> [TASK TO COMPLETE]: Every line below from the one containing "Face Mask Cherub" through the one containing "QIAMNI Deaths Head" is to be printed exactly, with the pictures omitted.

> [DATA EXCERPTS]:
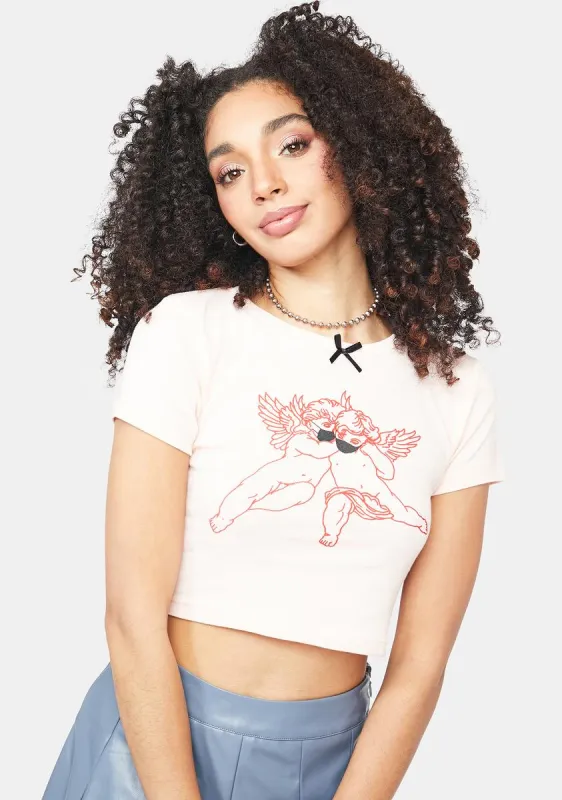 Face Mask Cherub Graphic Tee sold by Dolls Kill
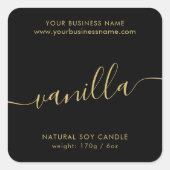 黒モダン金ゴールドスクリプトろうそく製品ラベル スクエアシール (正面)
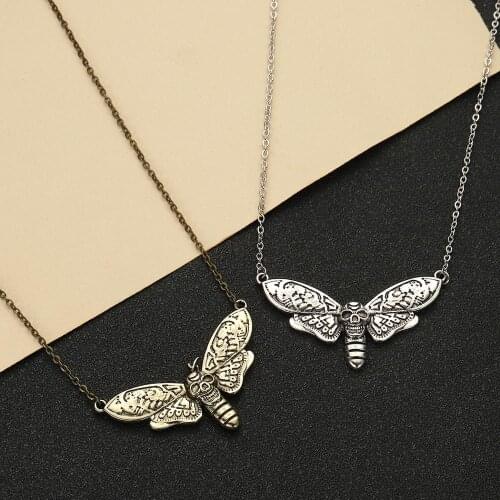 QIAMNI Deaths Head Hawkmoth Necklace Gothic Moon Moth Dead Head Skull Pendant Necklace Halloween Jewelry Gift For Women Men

---

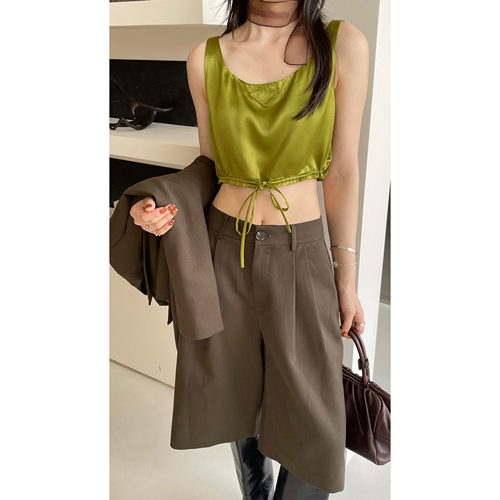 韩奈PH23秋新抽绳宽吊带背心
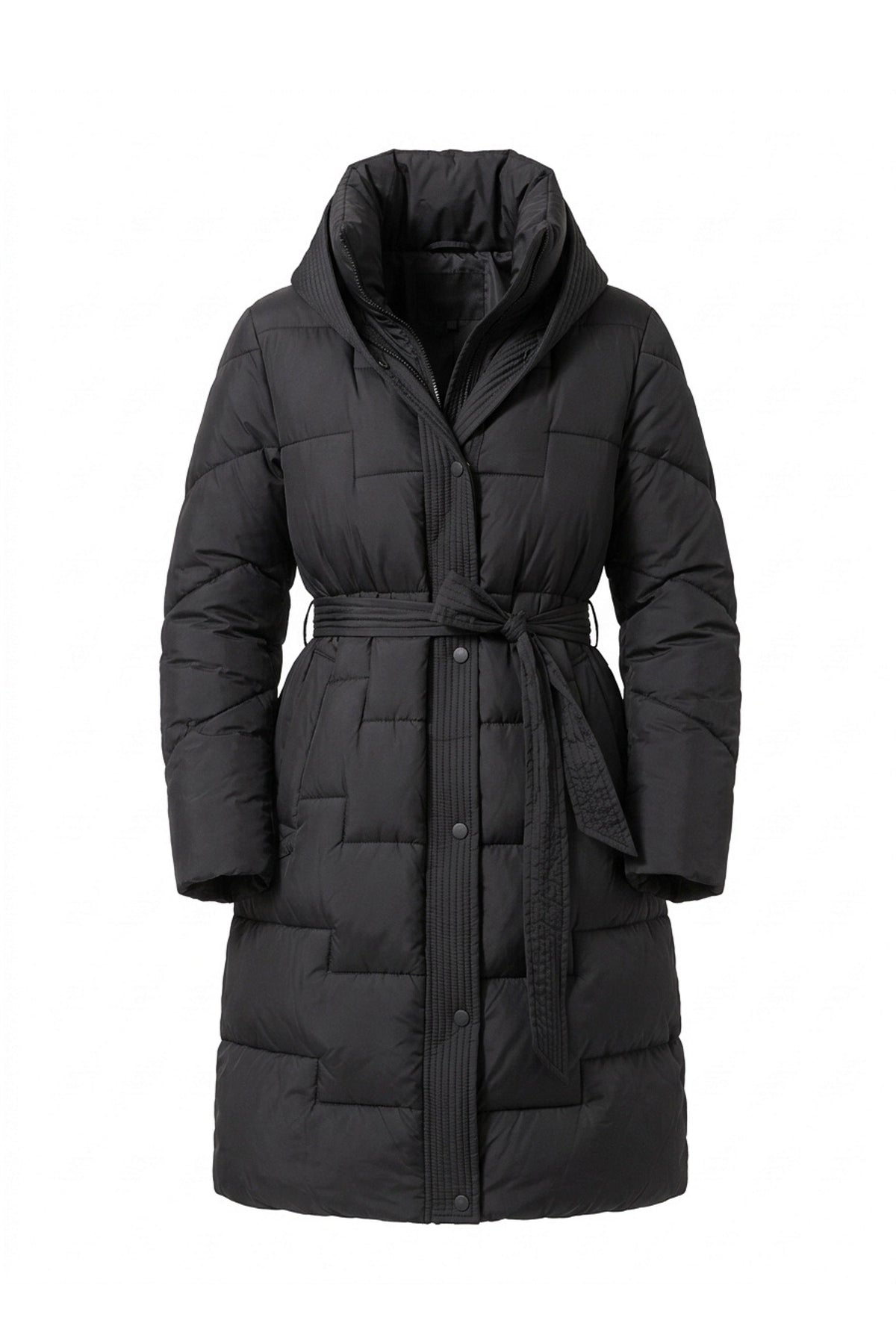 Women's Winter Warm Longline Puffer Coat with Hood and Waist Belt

> [COMPLETED EXERCISE]:
 Face Mask Cherub Graphic Tee sold by Dolls Kill
 黒モダン金ゴールドスクリプトろうそく製品ラベル スクエアシール (正面)
 QIAMNI Deaths Head Hawkmoth Necklace Gothic Moon Moth Dead Head Skull Pendant Necklace Halloween Jewelry Gift For Women Men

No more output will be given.